The algorithm is the proof of Teorem 3 of the original paper and ["Representative ability of neural network based on the number of expressible data"](https://search.ieice.org/bin/index.php?category=D&lang=J&vol= I referred to the proof of Theorem 3 of J102-D & num = 6 & abst =). Specifically, it is a program that calculates one solution of simultaneous equations obtained during proof, but it is quite complicated because mutual recursion two-variable recurrence formulas appear, so if you want to know the details Original paperhere is. Click here for Python implementation code (https://github.com/nekonistyle/Python)
python
# constants
idim = 5 # the number of input neurons
a1 = 3 # the number of 1st hidden neurons
a2 = 3 # the number of 2nd hidden neurons
N = a1 * a2 # the number of data (do not change)
ʻIdim is the input dimension, and ʻa1
and ʻa2are the number of intermediate neurons in the first and second layers, respectively.
N = a1 * a2` is the number of data and should not be changed.

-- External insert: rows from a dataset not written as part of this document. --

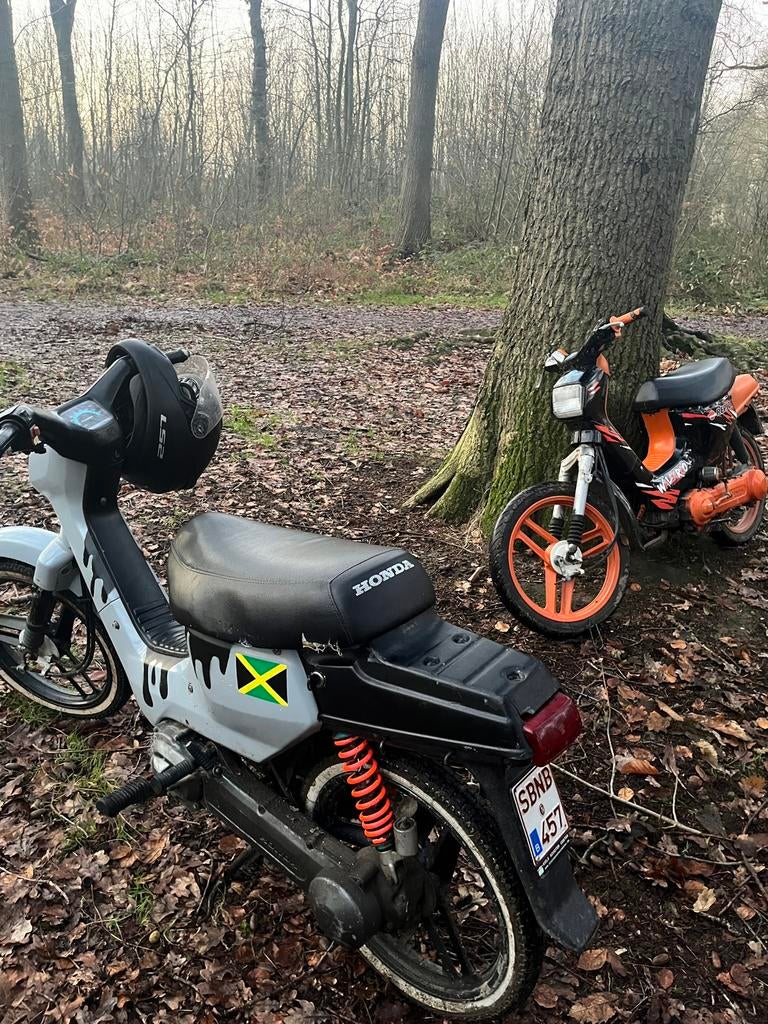Wallaroo B klasse, Fietsen en Brommers, Ophalen, Klasse B (45 km/u), 65 cc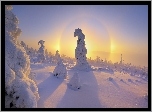 Drzewa, Pokryte, Śniegiem, Słońce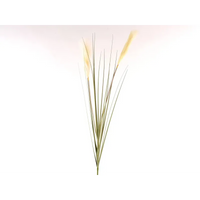 Pampas in Ramo Cm 127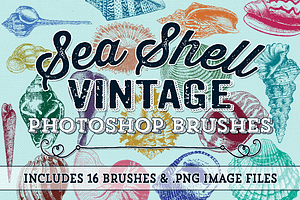 Vintage Sea Shell Photoshop Brushes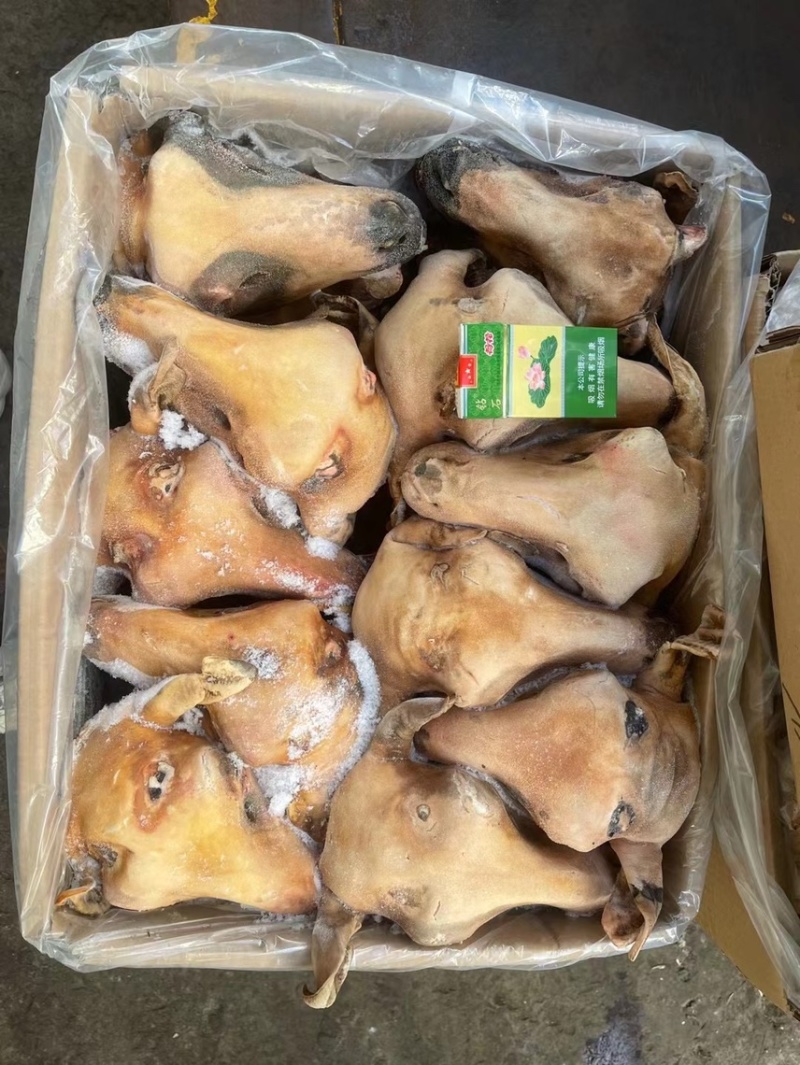 内蒙火烧羊头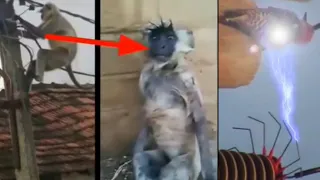 Monkey got shocked by electricity.! | Animals killed by electric power.!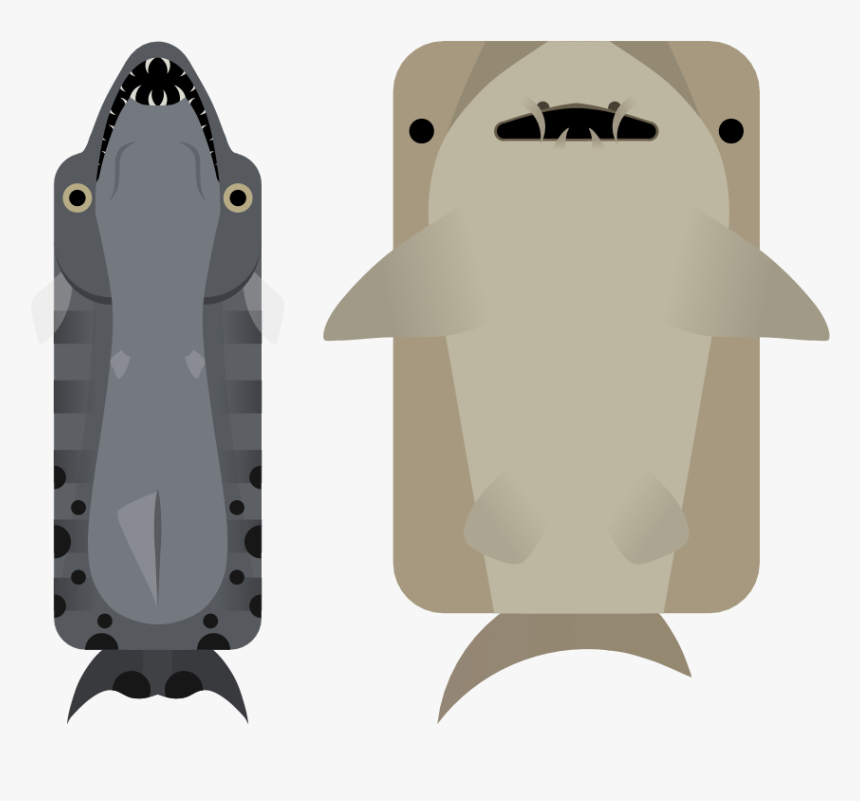 Illustration, HD Png Download
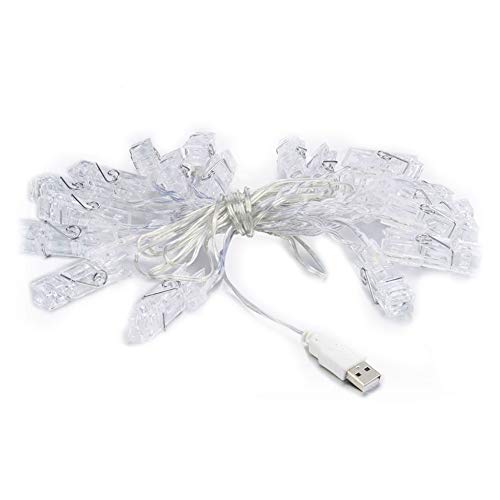 lujiaoshout 40 LED Battery Operated String Lights 14ft Warm Color for Garden Party and Holiday Decoration (Warm White)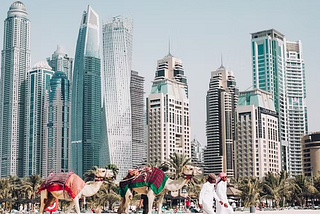 Top 3 Things To Do in Dubai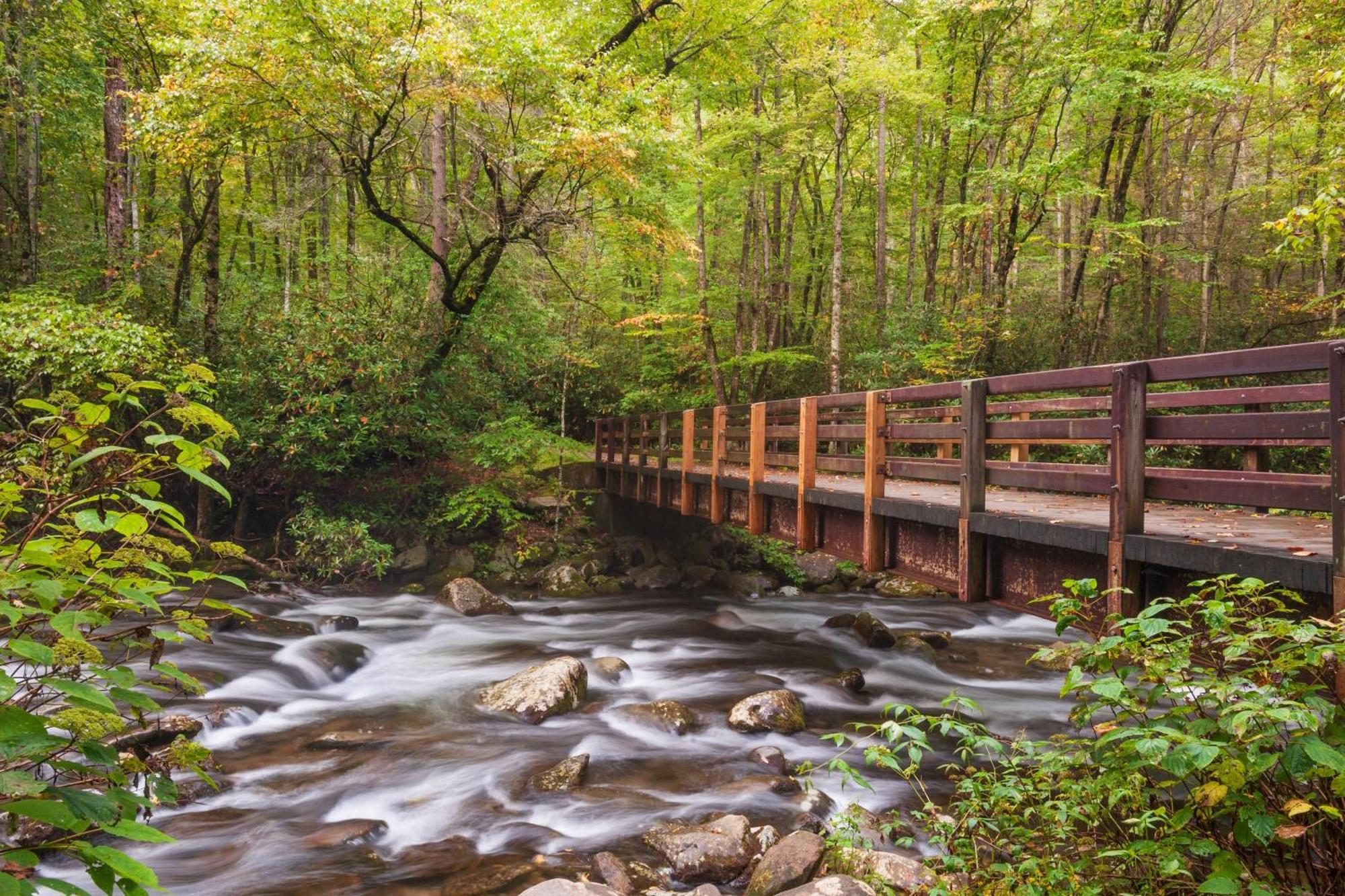 Time To Cuddle, Wifi, Near Pigeon Forge, 1089 Free Tickets Each Paid Day, Dollywood And More ภายนอก รูปภาพ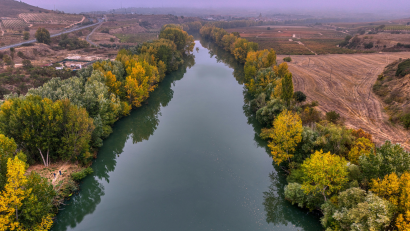Thumbnail for PennFuture model riparian buffer ordinance helps municipalities &ldquo;get buff&rdquo; by protecting water quality and saving money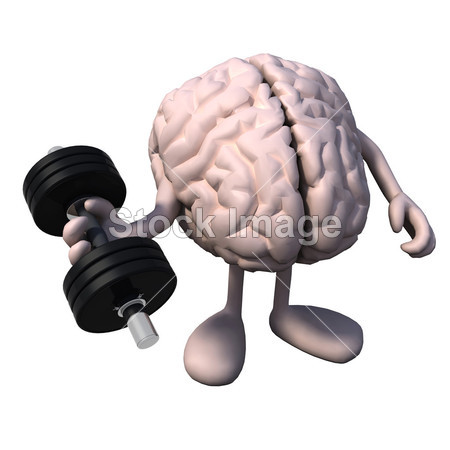 胳膊和腿的重量训练与大脑器官图片素材(图片
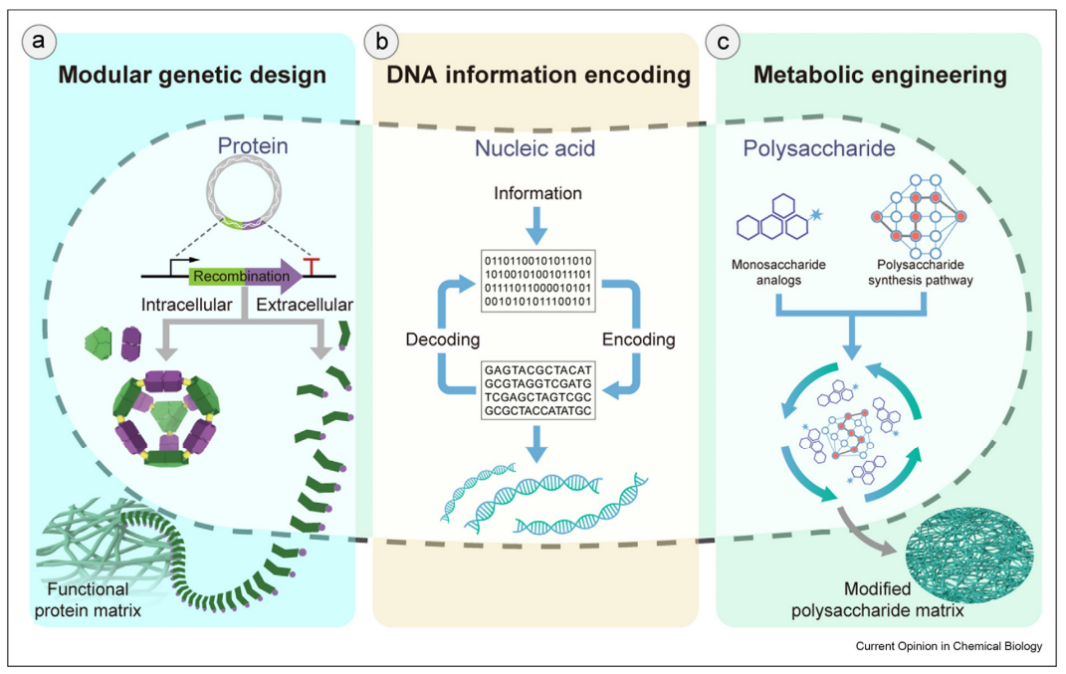 beat365在线体育app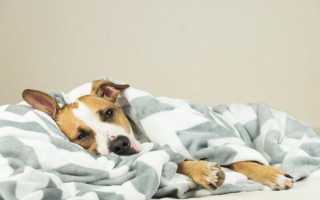 Пироплазмоз (бабебиоз) у собак — симптомы, лечение препаратами, последствия, профилактика бабезиоза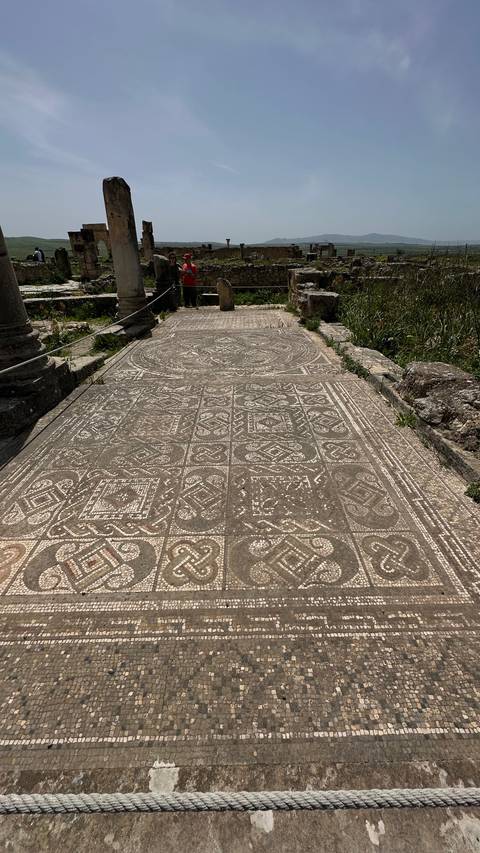       Ancient mosaic tile floor with geometric patterns at Roman site Volubilis
  
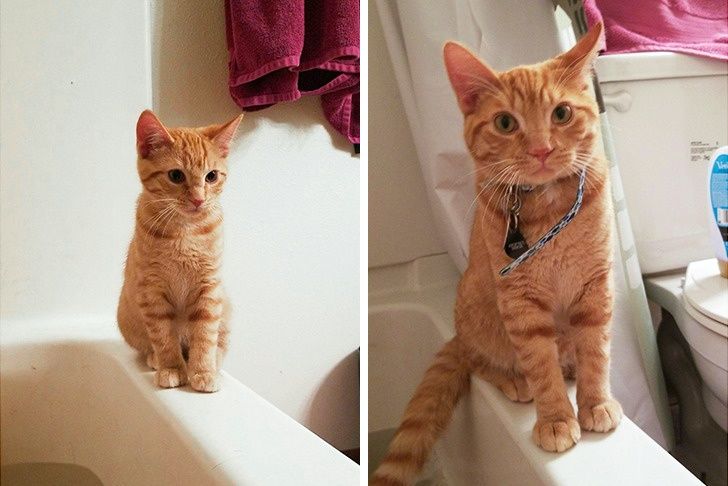 f508745f1a908cdf0d2cda1ba7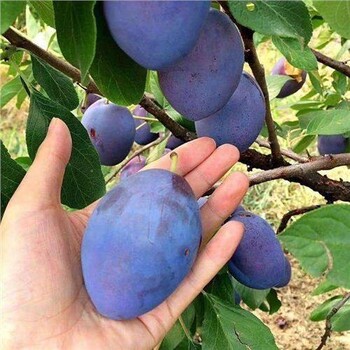 晚熟李子苗子苗栽植苗圃管理嫁接苗哪里有卖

idata = randomidata(idim,idataRange) # input data must be unique
odata = randomodata(odataRange)
ʻIdata is input data and must be ʻidim
x N
matrix and the same column vector does not exist, ʻodata is output data and must be
N` dimensional vector.
In this example, the data range is limited to obtain random numbers, but in reality, it is not necessary to limit either, and the parameter can be calculated with any value.
# select division operator ('Fraction' or '/')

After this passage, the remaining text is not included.